▶ EXERCISE DETAILS
Everything in the entries below except the pictures must be returned exactly.

▶ PROVIDED DATA
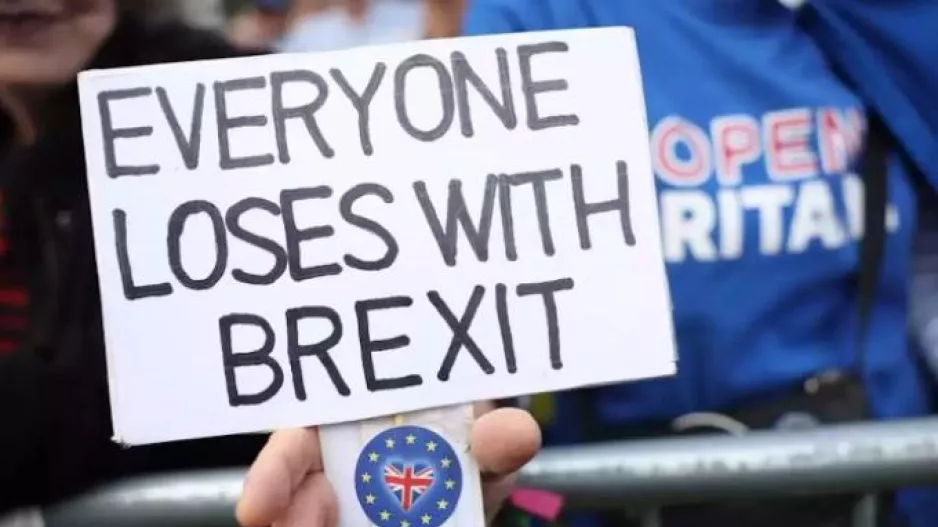 «Ήταν λάθος το Brexit»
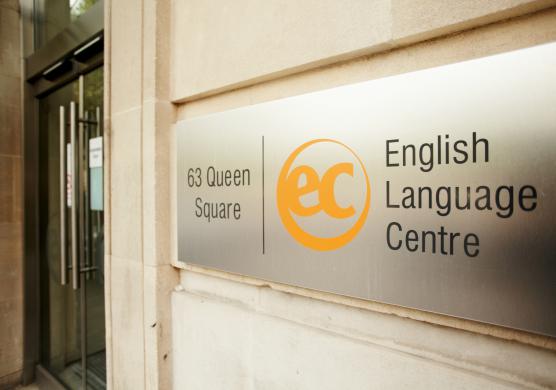 EC English 語言學習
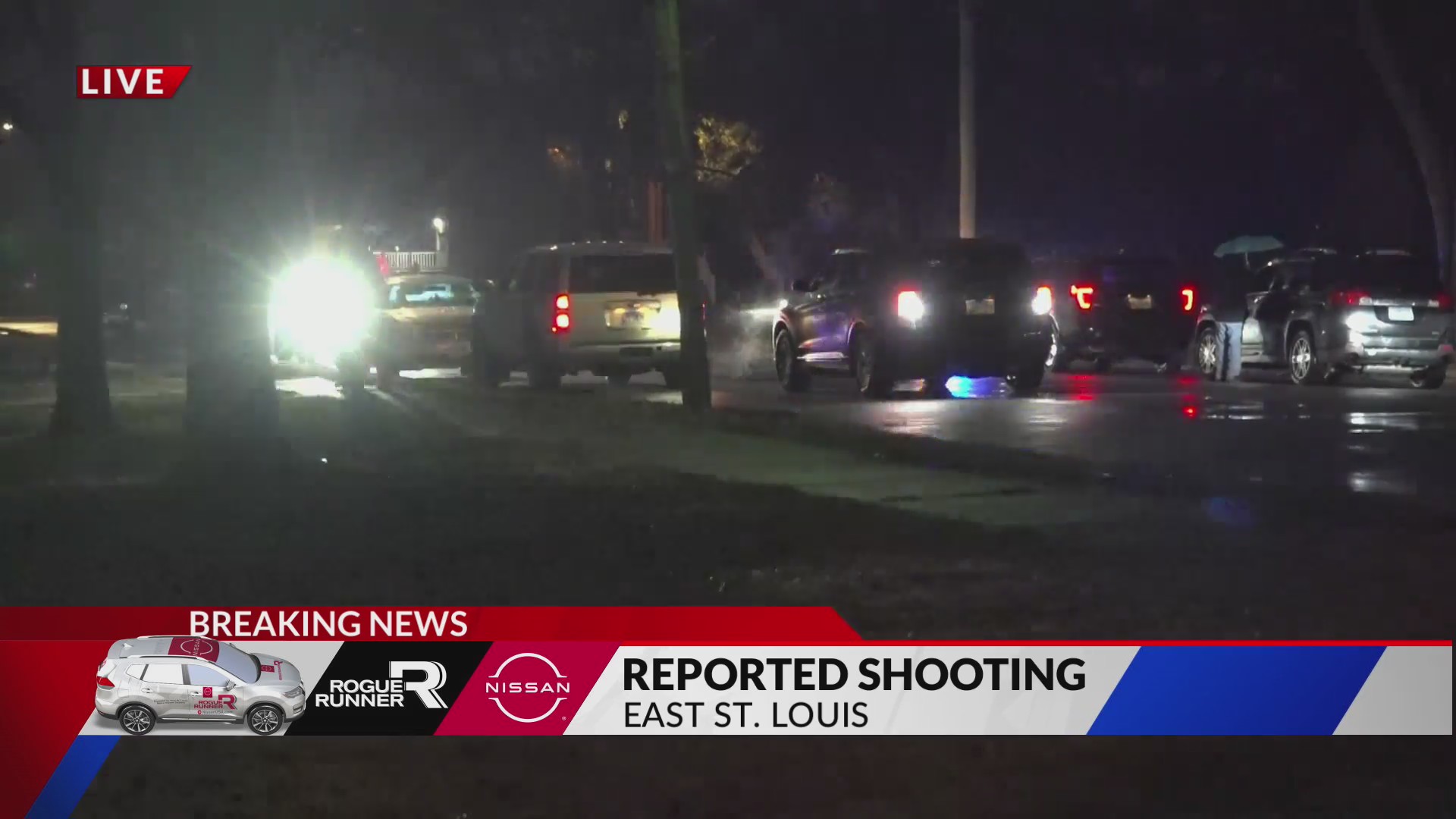 Heavy police presence for possible East St. Louis shooting – FOX 2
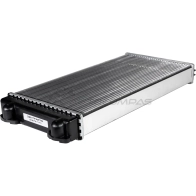 Радиатор отопителя 370x189x42 Man M L 2000 ZENTPARTS Z19711 4 95YD5Z 1441256237 - Изображение 4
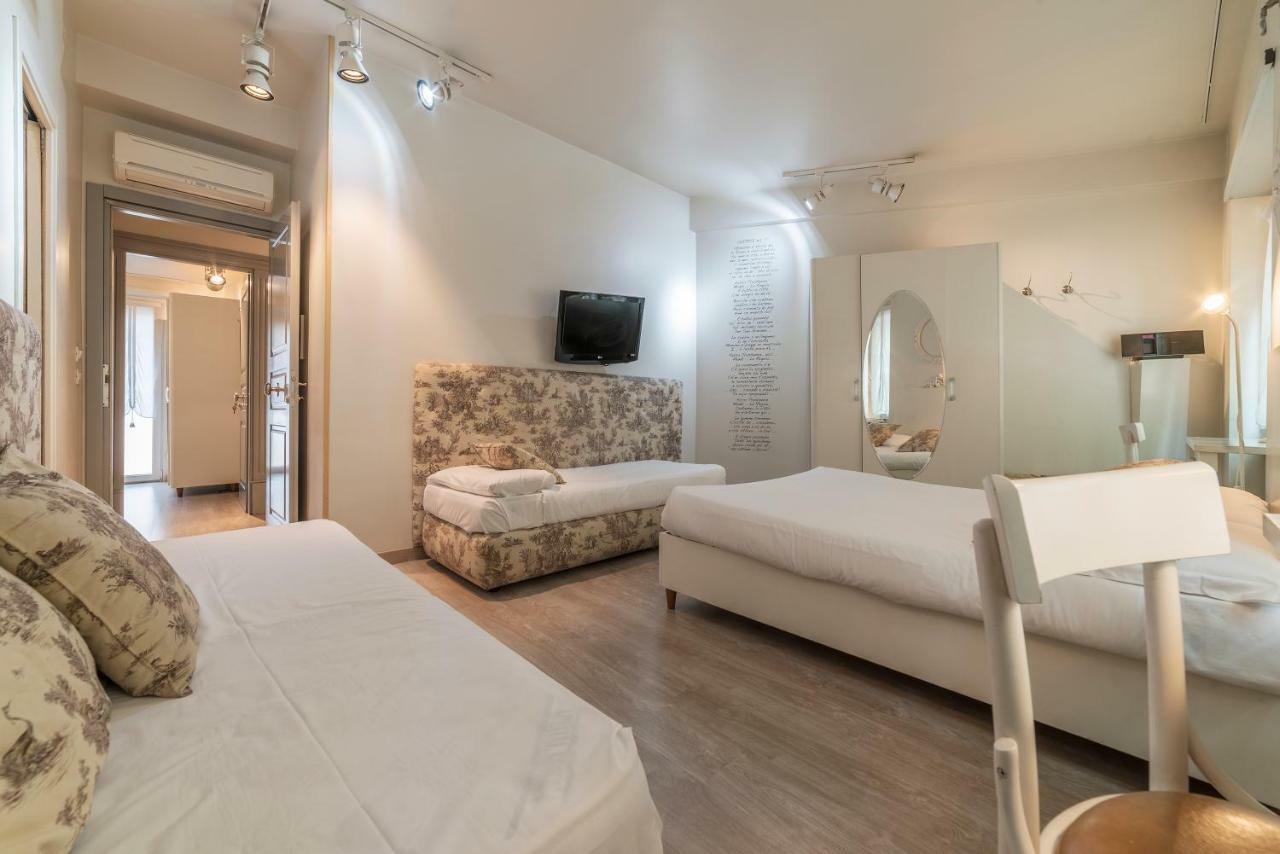 Nina Casetta De Trastevere Rom Exteriör bild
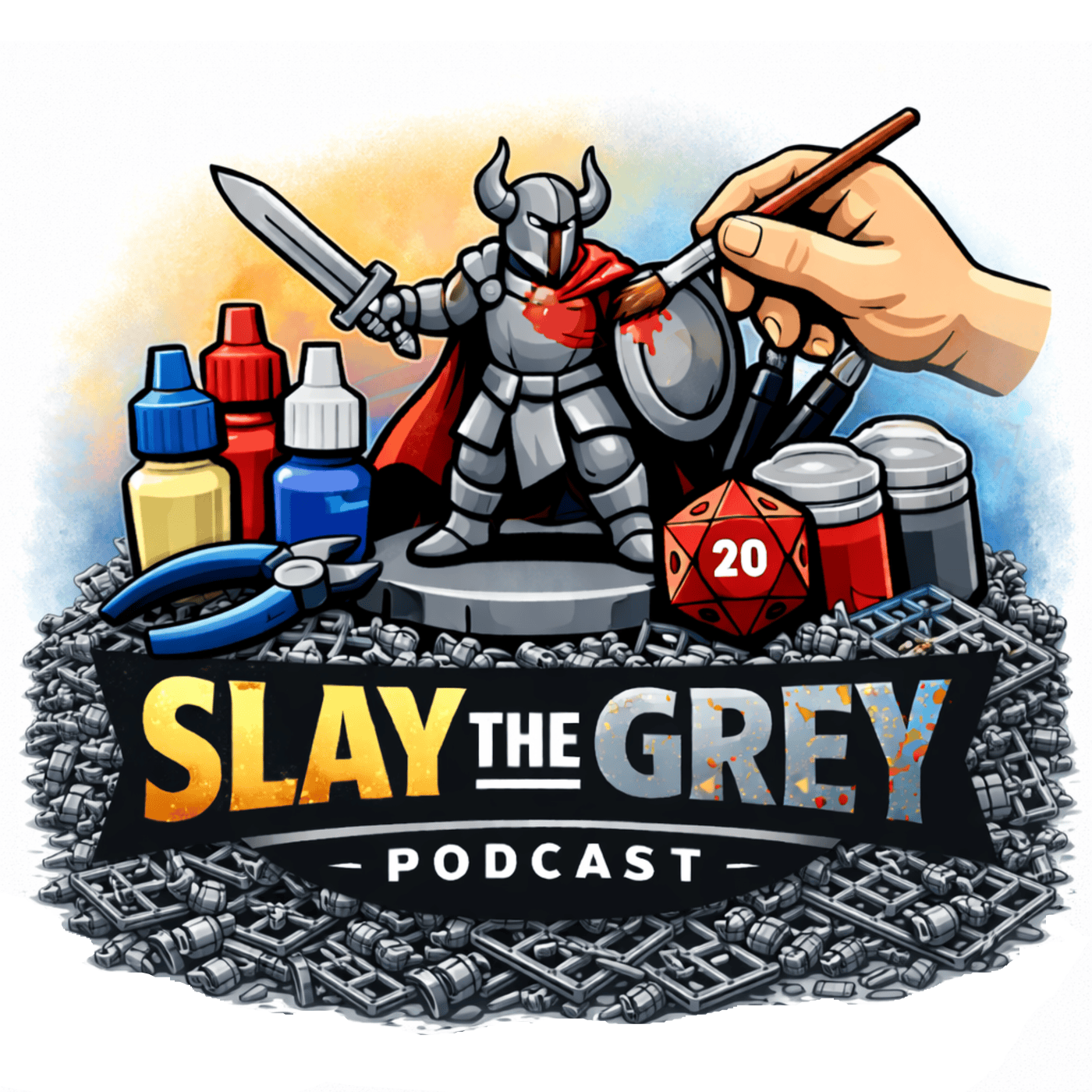 Slay The Grey cover art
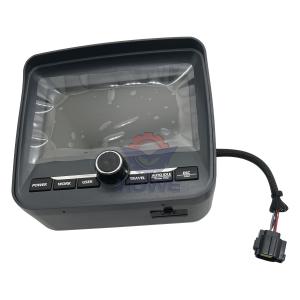Wholesale R220-9 R330-9S Excavator Monitor Display Panel Upgrade Your Machine with 21Q6-30104 from china suppliers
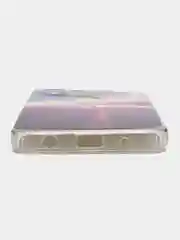 Пурпурный чехол для Xiaomi Redmi A1 Plus / A1+ A2+ Poco C51 (Сяоми Редми А1 Плюс / А1+) с рисунком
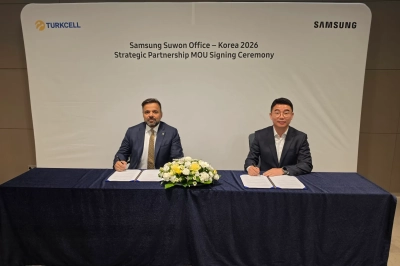 Turkcell ve Samsung, 5G&nbsp;İş Birliğini 2027&rsquo;ye Taşıyor
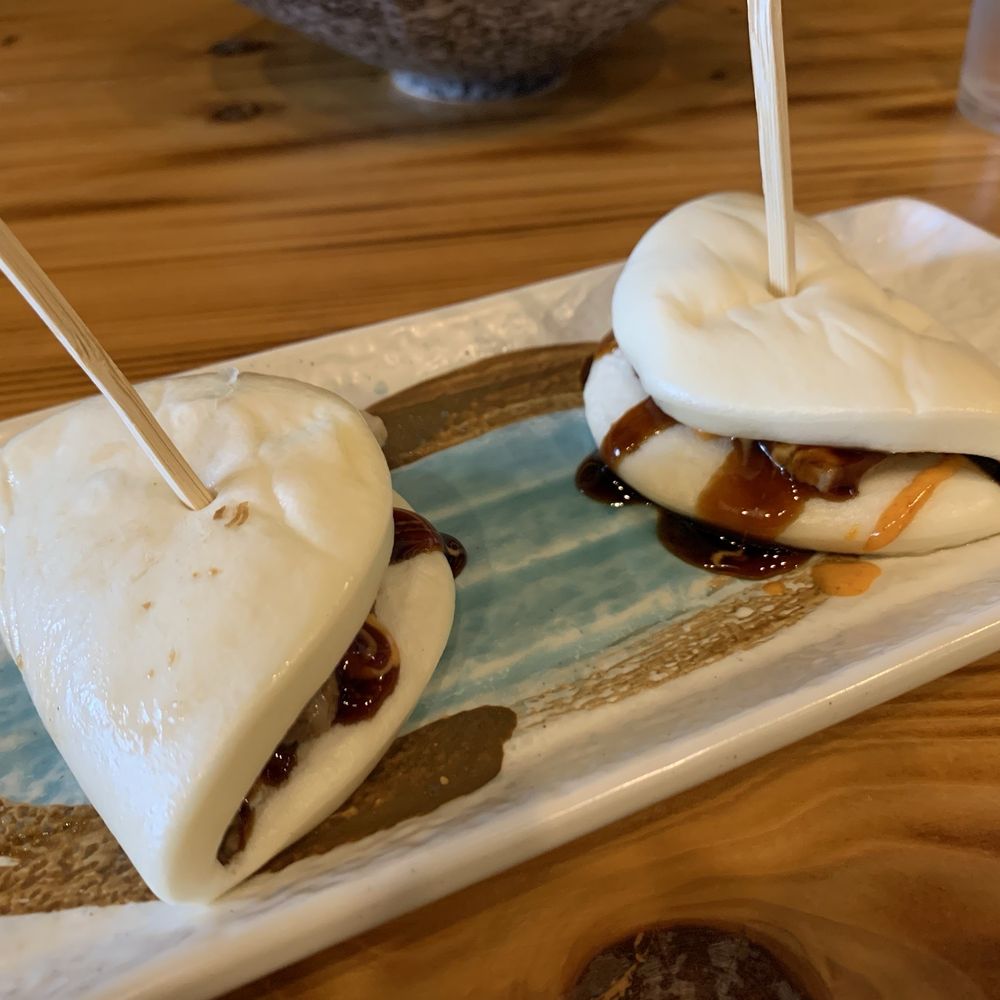 Brothers Ramen - Pork buns, where's the pork?! - Ramen Near Me - Murfreesboro, Tennessee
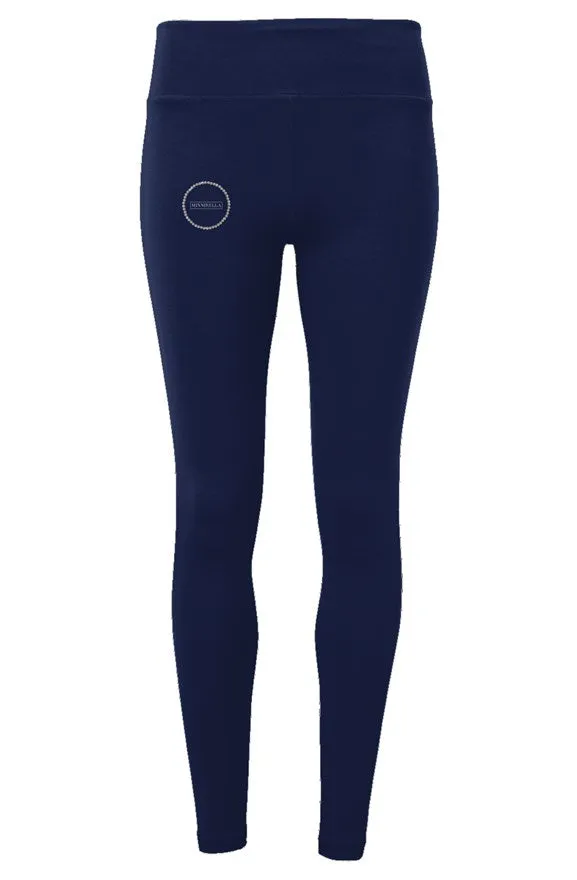 High-performance Pearl Leggings for Active Women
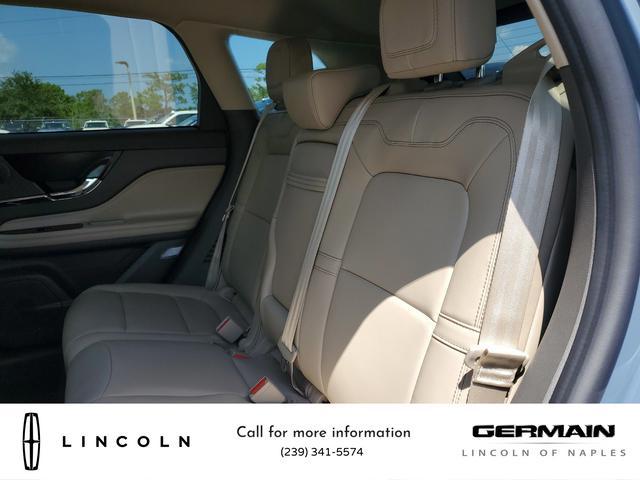 new 2024 Lincoln Corsair car, priced at $41,485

▶ WRITTEN REPLY
 «Ήταν λάθος το Brexit»
 EC English 語言學習
 Heavy police presence for possible East St. Louis shooting – FOX 2
 Радиатор отопителя 370x189x42 Man M L 2000 ZENTPARTS Z19711 4 95YD5Z 1441256237 - Изображение 4
 Nina Casetta De Trastevere Rom Exteriör bild
 Slay The Grey cover art
Wholesale R220-9 R330-9S Excavator Monitor Display Panel Upgrade Your Machine with 21Q6-30104 from china suppliers
 Пурпурный чехол для Xiaomi Redmi A1 Plus / A1+ A2+ Poco C51 (Сяоми Редми А1 Плюс / А1+) с рисунком
 Turkcell ve Samsung, 5G&nbsp;İş Birliğini 2027&rsquo;ye Taşıyor
 Brothers Ramen - Pork buns, where's the pork?! - Ramen Near Me - Murfreesboro, Tennessee
 High-performance Pearl Leggings for Active Women
 new 2024 Lincoln Corsair car, priced at $41,485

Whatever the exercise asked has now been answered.